__Records for processing__:
....

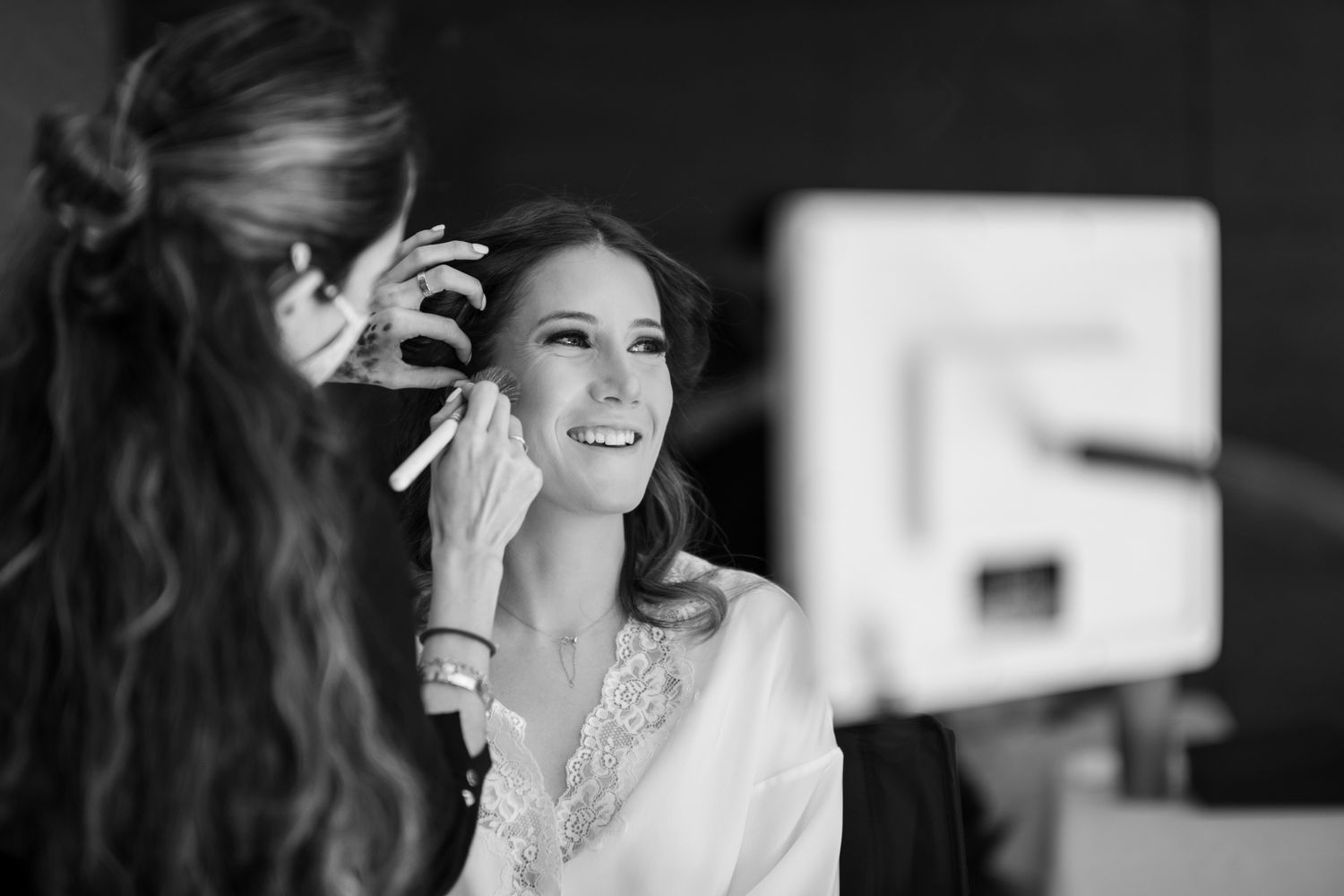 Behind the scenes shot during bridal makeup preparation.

....

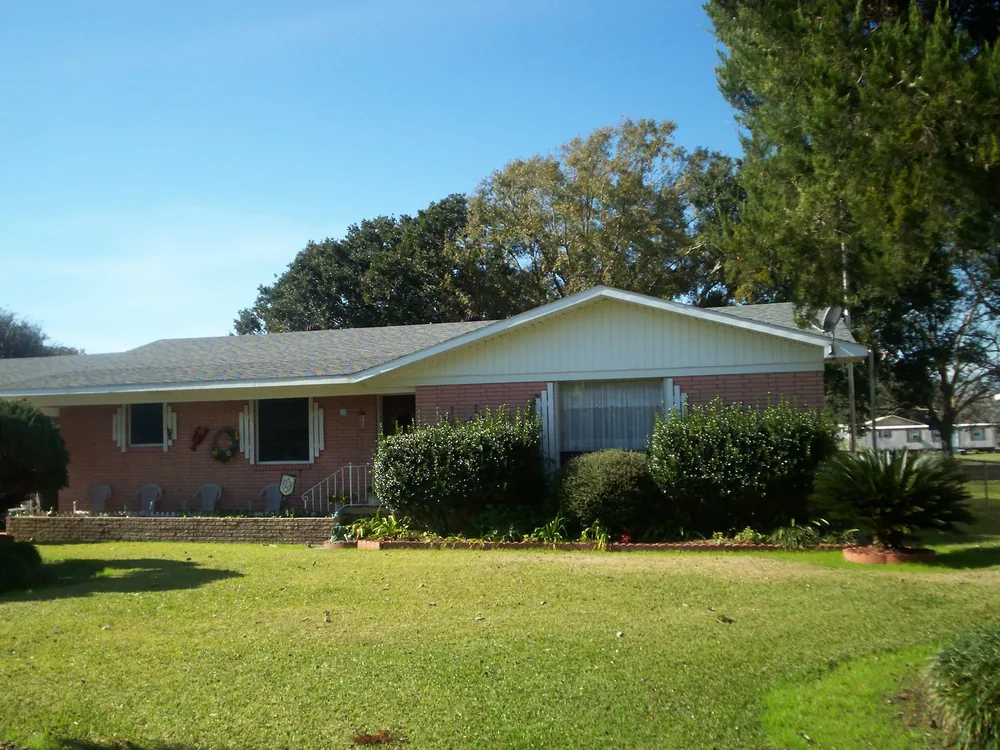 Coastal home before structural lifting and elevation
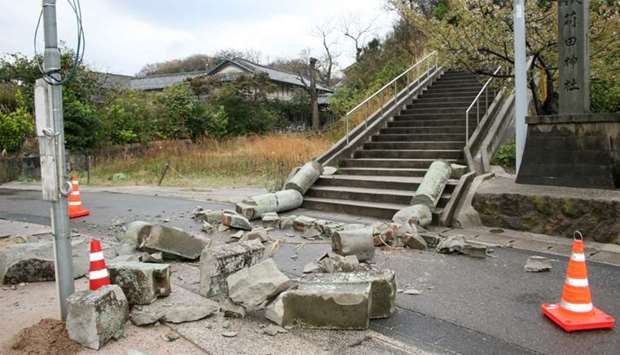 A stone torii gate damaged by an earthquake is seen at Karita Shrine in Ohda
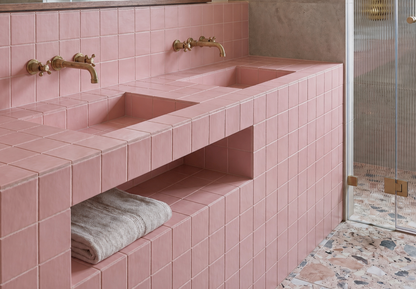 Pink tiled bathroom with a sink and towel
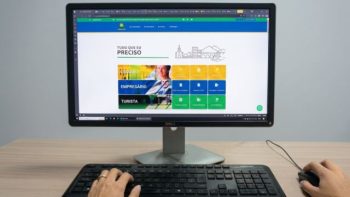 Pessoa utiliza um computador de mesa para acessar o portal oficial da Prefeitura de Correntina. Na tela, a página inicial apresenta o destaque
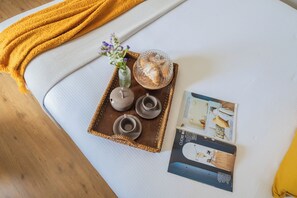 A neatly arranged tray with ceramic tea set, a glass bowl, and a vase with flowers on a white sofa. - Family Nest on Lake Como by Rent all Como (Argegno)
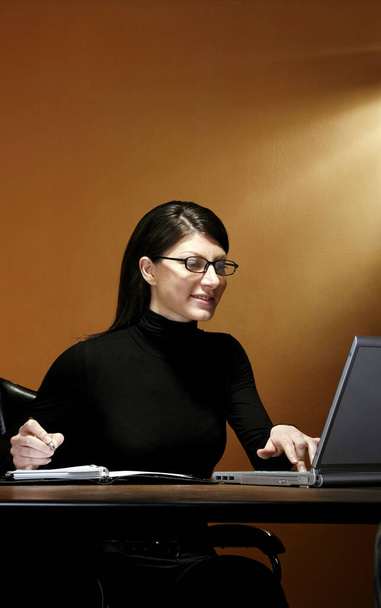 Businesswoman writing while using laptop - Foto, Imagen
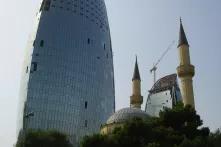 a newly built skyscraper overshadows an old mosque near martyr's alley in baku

....

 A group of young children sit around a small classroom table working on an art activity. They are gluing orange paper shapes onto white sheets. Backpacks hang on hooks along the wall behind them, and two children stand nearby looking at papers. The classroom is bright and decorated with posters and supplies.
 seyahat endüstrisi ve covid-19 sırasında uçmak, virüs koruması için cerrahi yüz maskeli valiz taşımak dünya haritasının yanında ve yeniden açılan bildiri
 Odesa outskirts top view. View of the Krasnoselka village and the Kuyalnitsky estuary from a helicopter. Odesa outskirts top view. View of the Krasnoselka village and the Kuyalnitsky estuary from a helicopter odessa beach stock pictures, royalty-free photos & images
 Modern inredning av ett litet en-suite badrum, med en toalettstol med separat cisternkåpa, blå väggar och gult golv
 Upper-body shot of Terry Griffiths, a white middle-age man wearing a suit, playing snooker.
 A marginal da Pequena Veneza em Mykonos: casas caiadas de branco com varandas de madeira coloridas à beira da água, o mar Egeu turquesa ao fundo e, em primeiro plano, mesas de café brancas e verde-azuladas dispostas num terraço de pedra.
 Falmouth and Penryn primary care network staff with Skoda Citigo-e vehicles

....

__What the exercise asks__:
In the listing above, find the line with "Pessoa utiliza um" and the line with "a newly built". Set down both and every line between them, minus the pictures.

__Result below__:
 Pessoa utiliza um computador de mesa para acessar o portal oficial da Prefeitura de Correntina. Na tela, a página inicial apresenta o destaque
 A neatly arranged tray with ceramic tea set, a glass bowl, and a vase with flowers on a white sofa. - Family Nest on Lake Como by Rent all Como (Argegno)
 Businesswoman writing while using laptop - Foto, Imagen
 a newly built skyscraper overshadows an old mosque near martyr's alley in baku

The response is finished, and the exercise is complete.